#### [WORK REQUIRED]
For this exercise, copy the data exactly and omit any images.

#### [DATA FOR THIS TASK]

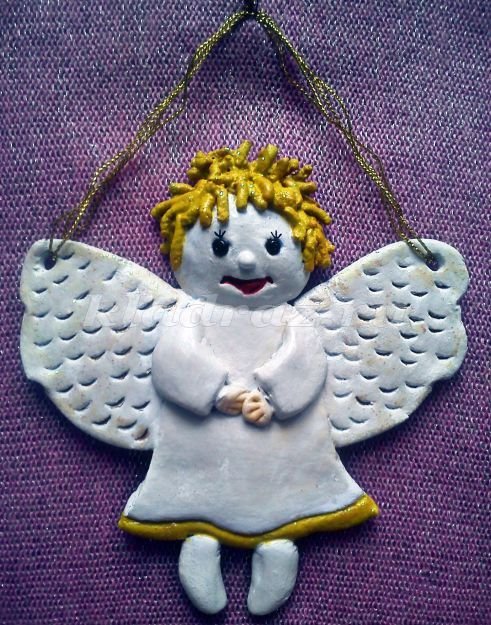 Ангелочки из соленого теста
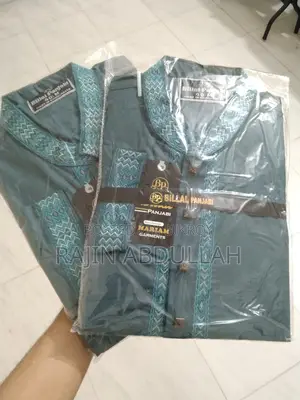 প্রিমিয়াম কটন এমব্রয়ডারি সেমি-লং পাঞ্জাবী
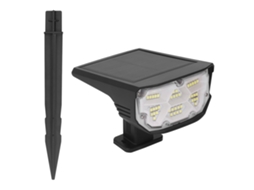 Laxiscreed Holofote Solar Para Exterior Ipx7 À Prova D'água Com Ajuste De 4 Níveis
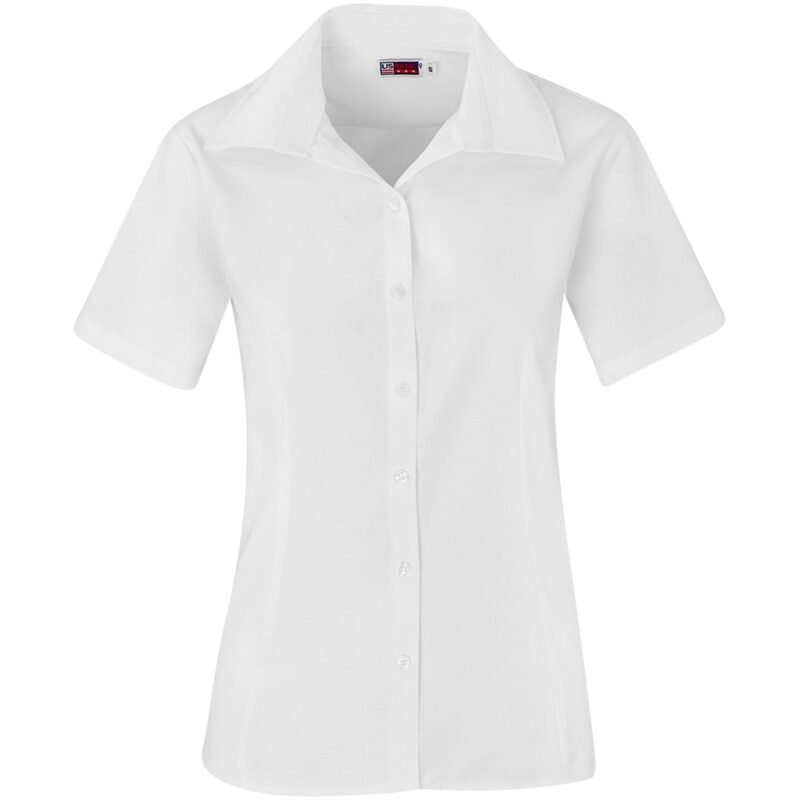 Ladies Short Sleeve Aspen Shirt – White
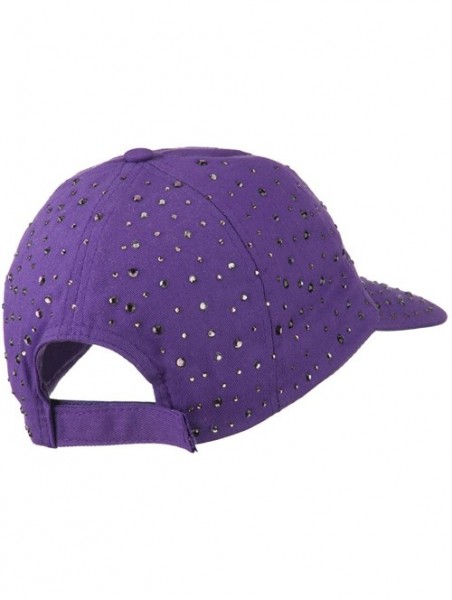 Baseball Caps Bejeweled Glitter Baseball Cap - Purple - C211VSYDJCZ $24.33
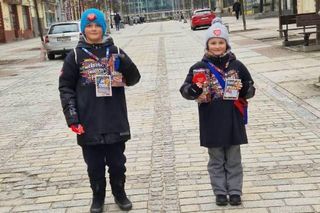Liwiusz Falak kwestuje z rodziną w czasie WOŚP 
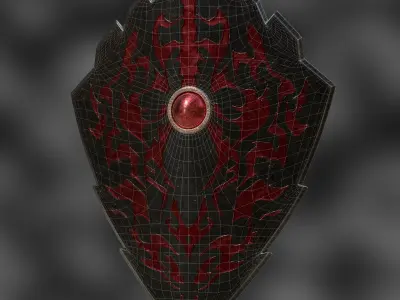 Cursed shield 3D model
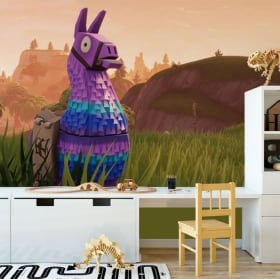 Fotomurales de vinilos llama de fortnite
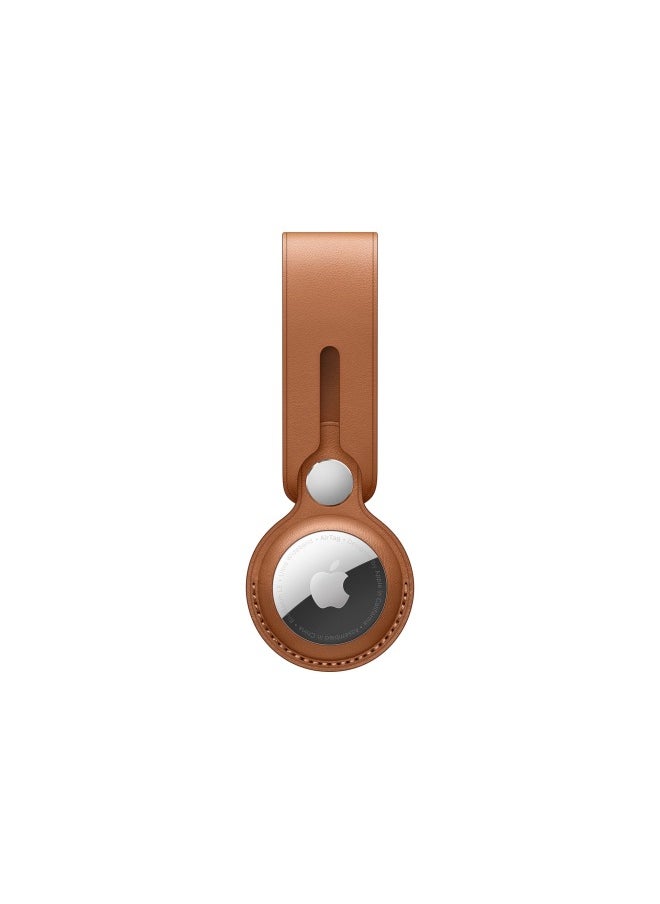 Generic - Suitable For Apple Genuine Leather AirTag Protective Case Pet Anti-lost Keychain Positioning Tracker Leather Case Wholesale-Color:Bronze - Image 1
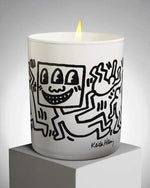 Keith Haring White & Black Scented Candle by Ligne Blanche 140g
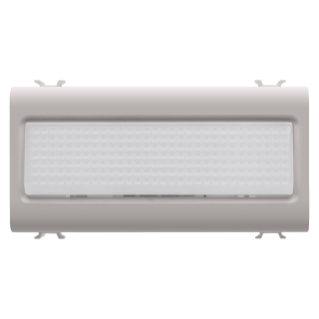 Autonomous emergency lamp - 230vac 50/60hz 1h - 4 modules - natural beige - chorus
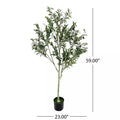 Noble House Tigue 5ft Artificial Olive Tree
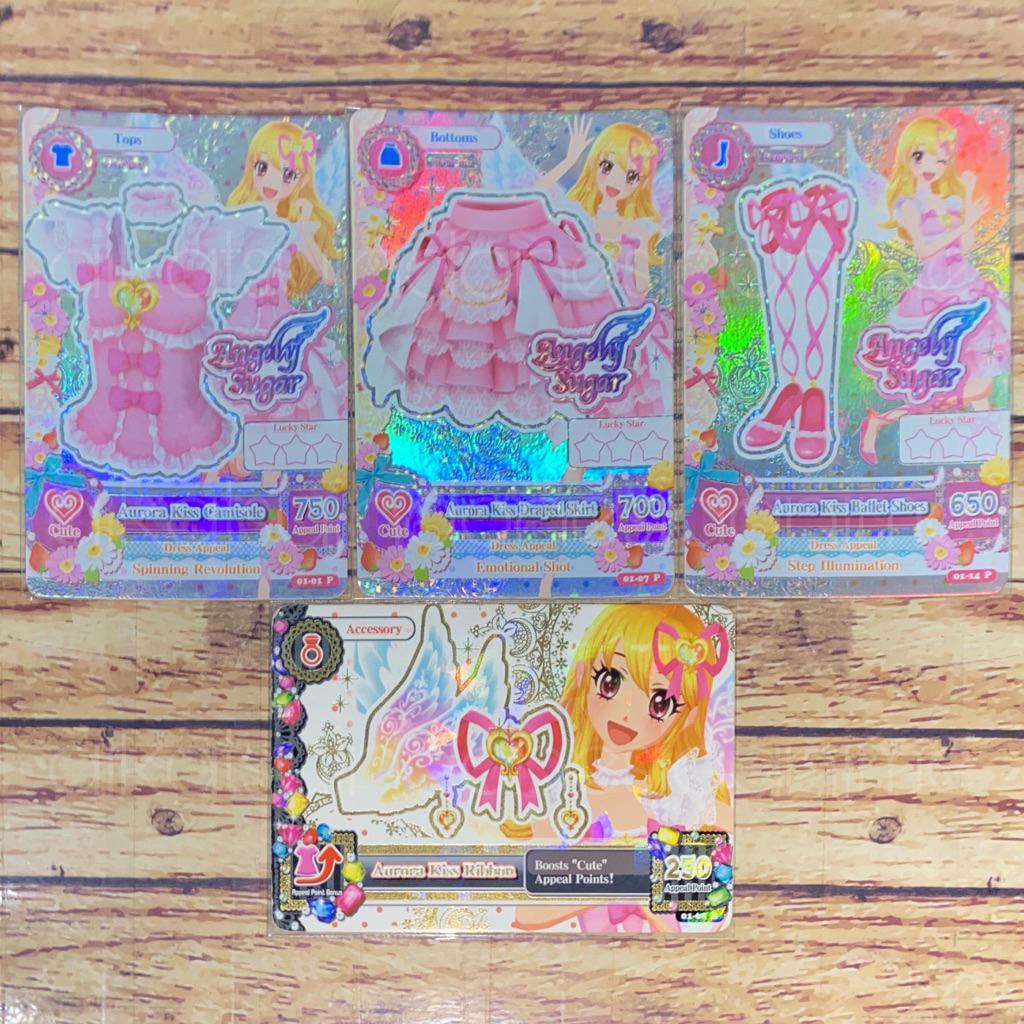 Aikatsu Ichigo Hoshimiya Premium Angely Sugar Aurora Kiss Set with Acc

#### [RESPONSE FOR THIS EXERCISE]
 Ангелочки из соленого теста
 প্রিমিয়াম কটন এমব্রয়ডারি সেমি-লং পাঞ্জাবী
 Laxiscreed Holofote Solar Para Exterior Ipx7 À Prova D'água Com Ajuste De 4 Níveis
 Ladies Short Sleeve Aspen Shirt – White
 Baseball Caps Bejeweled Glitter Baseball Cap - Purple - C211VSYDJCZ $24.33
Liwiusz Falak kwestuje z rodziną w czasie WOŚP 
 Cursed shield 3D model
 Fotomurales de vinilos llama de fortnite
 Generic - Suitable For Apple Genuine Leather AirTag Protective Case Pet Anti-lost Keychain Positioning Tracker Leather Case Wholesale-Color:Bronze - Image 1
 Keith Haring White & Black Scented Candle by Ligne Blanche 140g
 Autonomous emergency lamp - 230vac 50/60hz 1h - 4 modules - natural beige - chorus
 Noble House Tigue 5ft Artificial Olive Tree
 Aikatsu Ichigo Hoshimiya Premium Angely Sugar Aurora Kiss Set with Acc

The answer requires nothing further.